This article is over 12 years, 1 months old
"The economy is still in the gravitational pull of the Great Recession. All the booster rockets for getting us beyond it are failing."
Issue 2210

“The economy is still in the gravitational pull of the Great Recession. All the booster rockets for getting us beyond it are failing.”

These are the words of Robert Reich, the US labour secretary. The fragile recovery in the US, the world’s biggest economy, is faltering.

Reich goes on to say, “Home sales are down. Retail sales are down. Factory orders in May suffered their biggest tumble since March of last year.”

There are eight million fewer jobs in the US than three years ago, before the crisis hit.

The risk of the world economy entering a new recession – a “double dip” – is very high.

The falls in world output and trade in the six months that followed the collapse of Lehman Brothers in October 2008 mirrored the scale of the Great Depression in the 1930s.

But government bailouts of the banking system and boosting state spending acted to restart the world economy after its heart attack and prop up demand.

This averted a 30s-style collapse, but left states with huge budget deficits. The sharp fall in tax revenues brought on by the recession itself didn’t help.

Now the spending packages are either running out, as in the US, or are being replaced with harsh austerity packages, as is the case across Europe.

Governments hope “rebuilding their finances” will insulate them from the attacks by market speculators that led to the spiralling crisis in Greece.

And they hope that, although cutting spending will hit domestic demand, they will be able to export their way out of crisis.


Yet it is impossible for every major economy to do that at the same time. Who would be buying the exports?

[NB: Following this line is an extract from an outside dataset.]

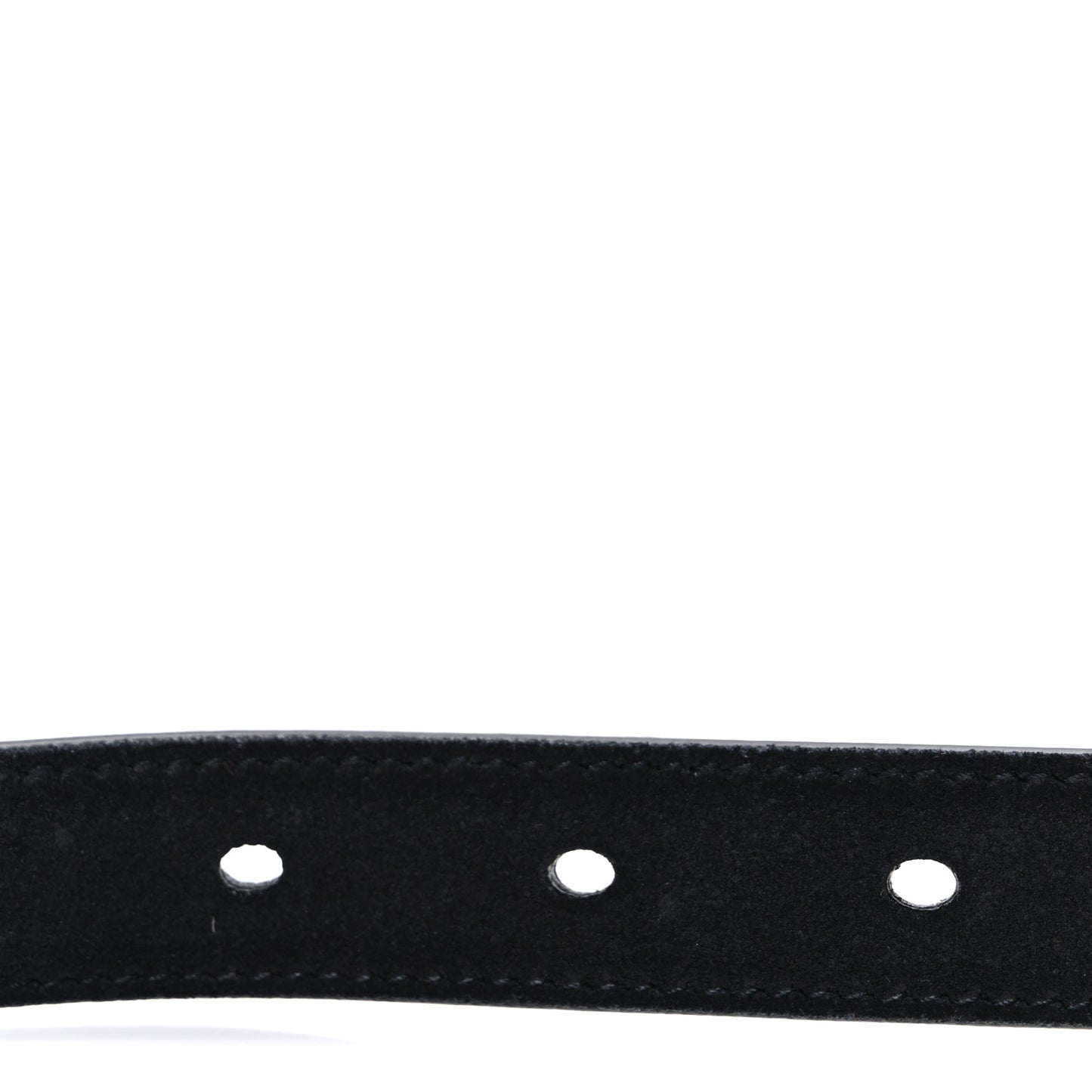 Suede Monogram Cassandre Extra Thin Square Buckle Belt 85 34 Black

As we have seen, in the US, often the “consumer of last resort”, sales are down.

The underlying cause of the crisis is the sustained low level of profits throughout the system since the 1970s.

Central banks, encouraged by governments, have pumped cheap credit into the world economy to ensure tendencies to recession were staved off.

The result has been a succession of financial bubbles, the latest in “sub-prime” mortgage lending.

The enormous debts built up now act as a huge drag, weighing the system down.

As Marx pointed out, capitalism can resolve a crisis by allowing surviving firms to pick up bankrupt firms for far less than their value.

A crisis also drives down the cost of raw materials and labour as wages fall, allowing more profitable production to resume.

State intervention may have held off a second Great Depression for now, but it also prevented this kind of purge of the system, stopping it restore itself to “health”.

Any new crisis would expose the remaining weaknesses inside the financial system.


Europe’s banking system has massive debts.

French, German and British banks are heavily exposed to the southern European economies of Greece, Portugal and Spain, for example.

It is far from clear that state intervention would work a second time if a new round of massive bank bailouts is required.

Most of the ammunition has already been fired. State debts have shot up and interest rates are next to zero.

The economic downturn, with weak growth and the constant threat of a renewed plunge into recession across the system, is likely to last a long time.

But it will also be punctuated by sudden crises erupting, as in Greece, where the “double dip” is already a reality.

Such crises lead to more splits at the top of society as our rulers desperately try to find a way out.

They are having a fierce row about how fast and hard to cut spending.

Such splits in turn undermine their ideological grip over the rest of society.

The task for socialists is not to be paralysed by the crisis but to shape the resistance to it.